How to complete this task
Set down only the lines from the one containing "M jak miłość" through the final line of the entries below, exactly as they stand, with no pictures.

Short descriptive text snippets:
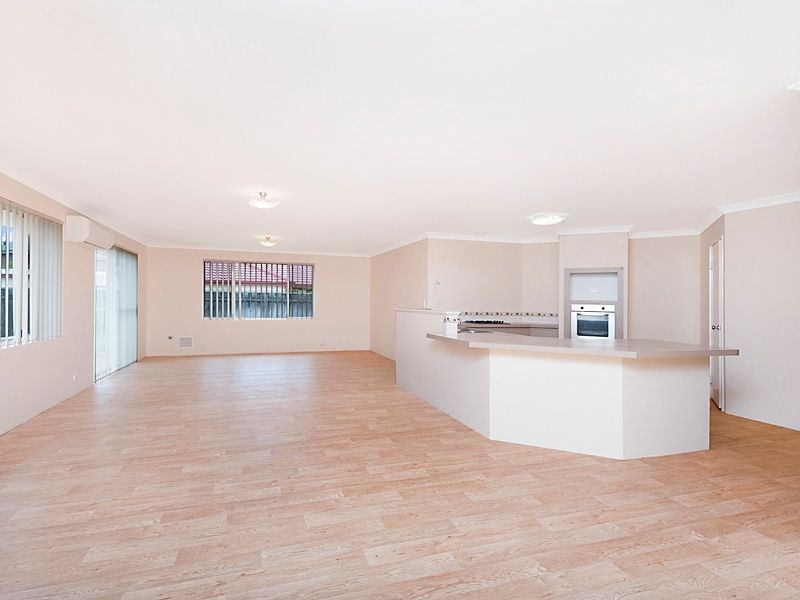 6 Serene Bend, Atwell WA 6164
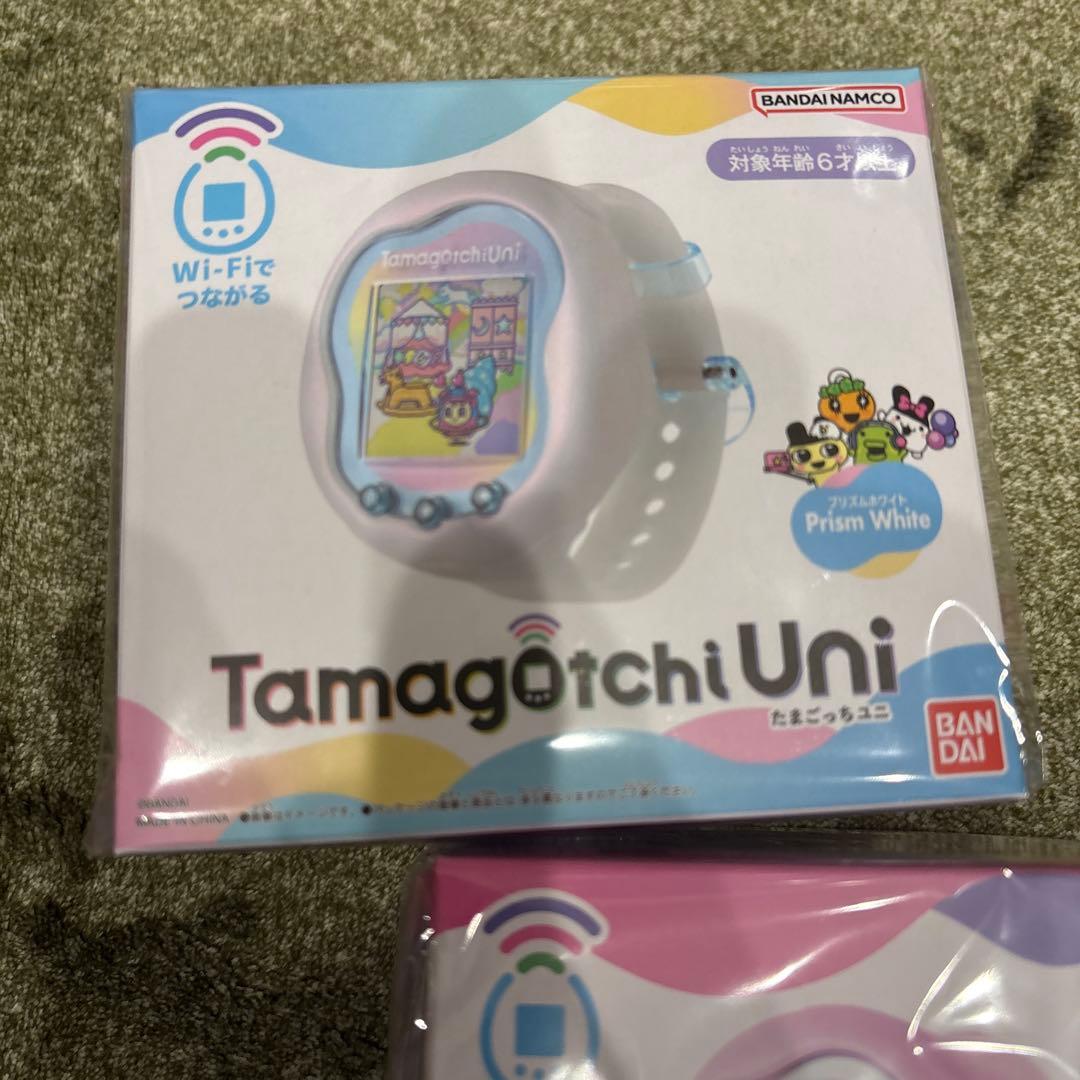 たまごっちuni 限定カラー　プリズムホワイト　オーロラピンク　2個セット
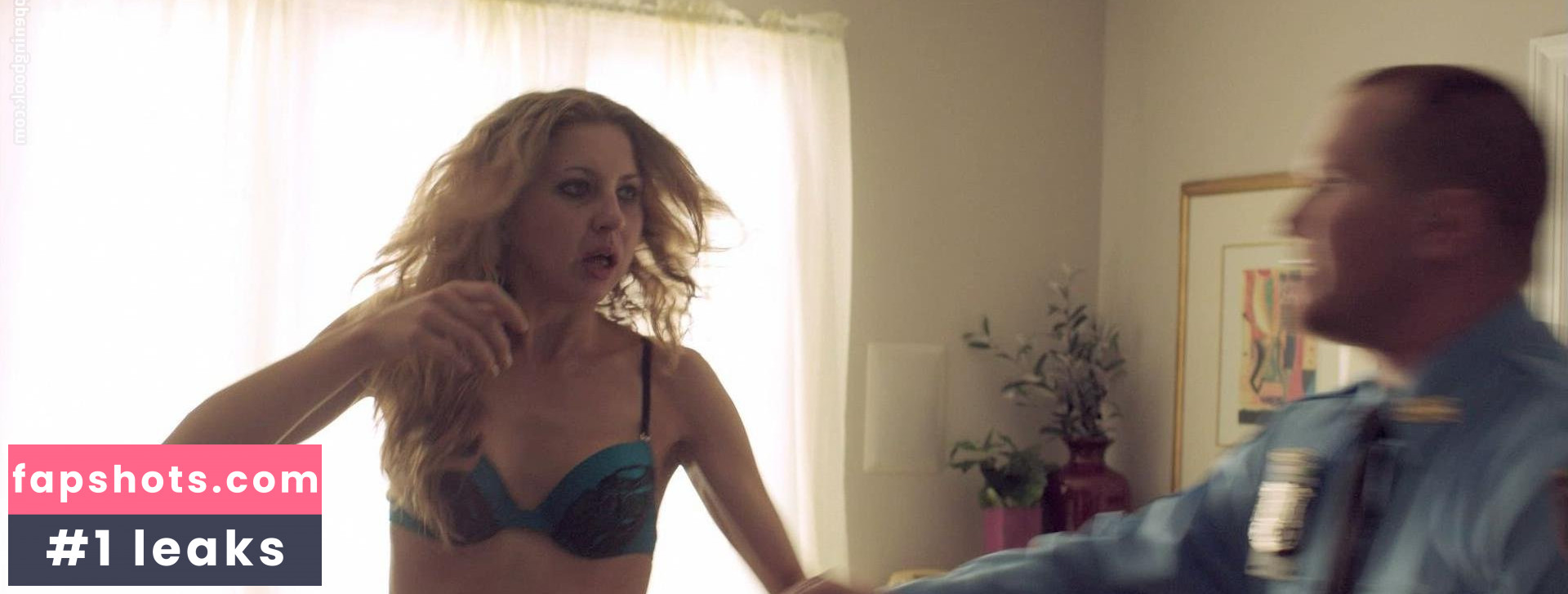 Nina Arianda gallery photo #12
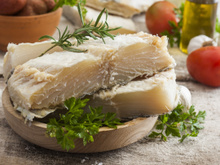 Como dessalgar bacalhau rapidamente: confira maneira superprática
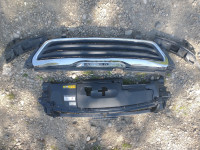 peugeot 308 2016 maska odbijača krom kromirano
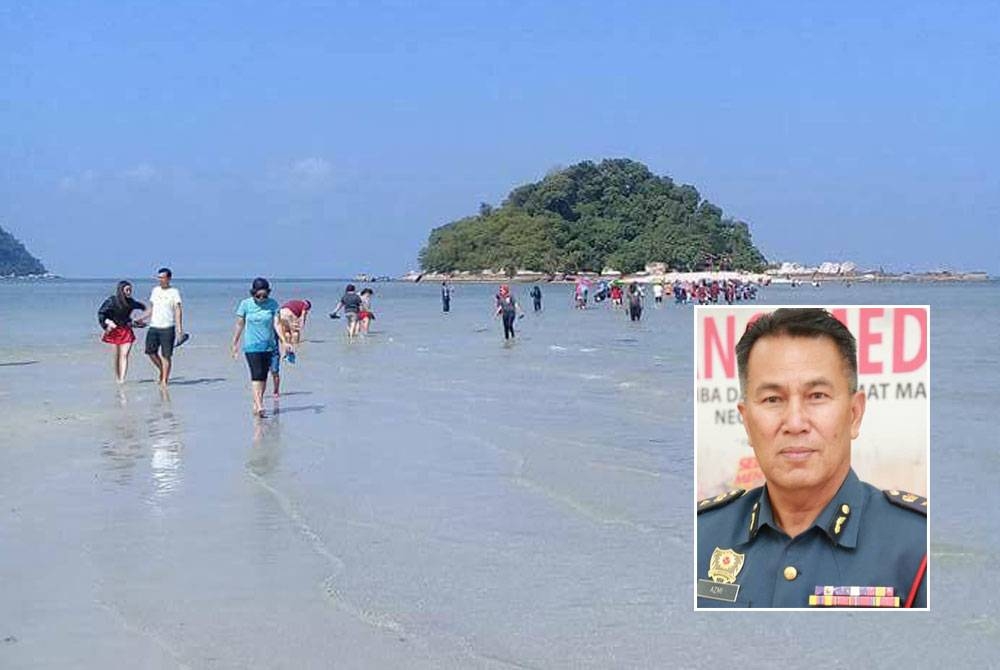 Fenomena air pasang surut membolehkan orang ramai menyeberang ke Pulau Giam dari Pantai Teluk Nipah dengan hanya berjalan. - Foto media sosial (Gambar kecil: Azmi Osman)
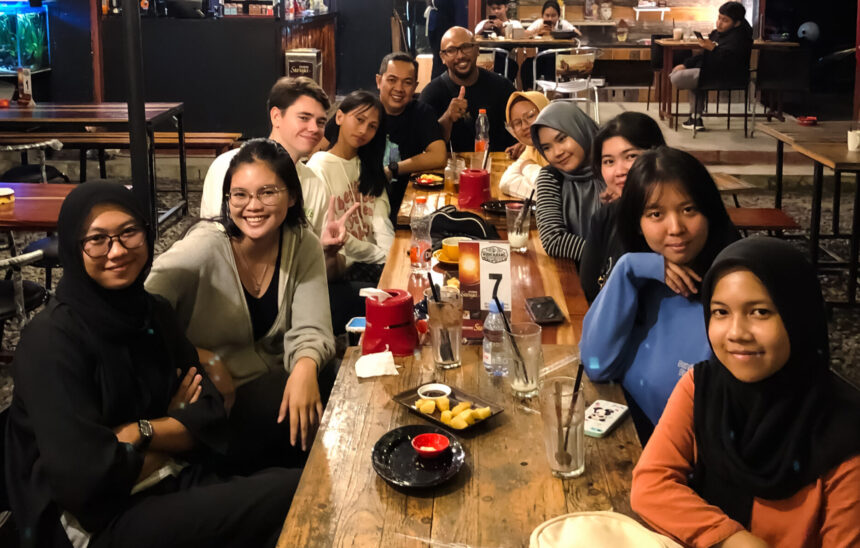 Kobar English Community, Bahasa Inggris Untuk Masyarakat Kobar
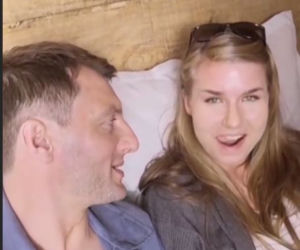 M jak miłość po wakacjach 2019. Bartek (Arkadiusz Smoleński) i makijażystka serialu Olga Lamirowska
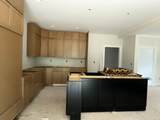 14 Village Circle - Photo 4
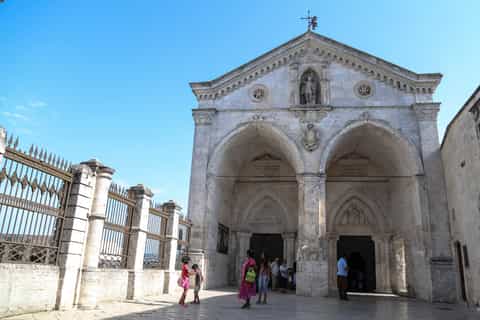 Naples: Padre Pio Shrine & Monte Sant'Angelo Private Tour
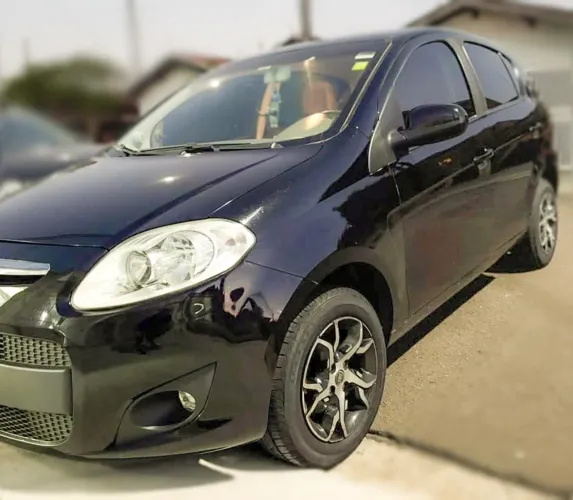 Fiat Palio Attractive 1.0 EVO Fire Flex 8V 5P 2013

Finished task
 M jak miłość po wakacjach 2019. Bartek (Arkadiusz Smoleński) i makijażystka serialu Olga Lamirowska
 14 Village Circle - Photo 4
 Naples: Padre Pio Shrine & Monte Sant'Angelo Private Tour
 Fiat Palio Attractive 1.0 EVO Fire Flex 8V 5P 2013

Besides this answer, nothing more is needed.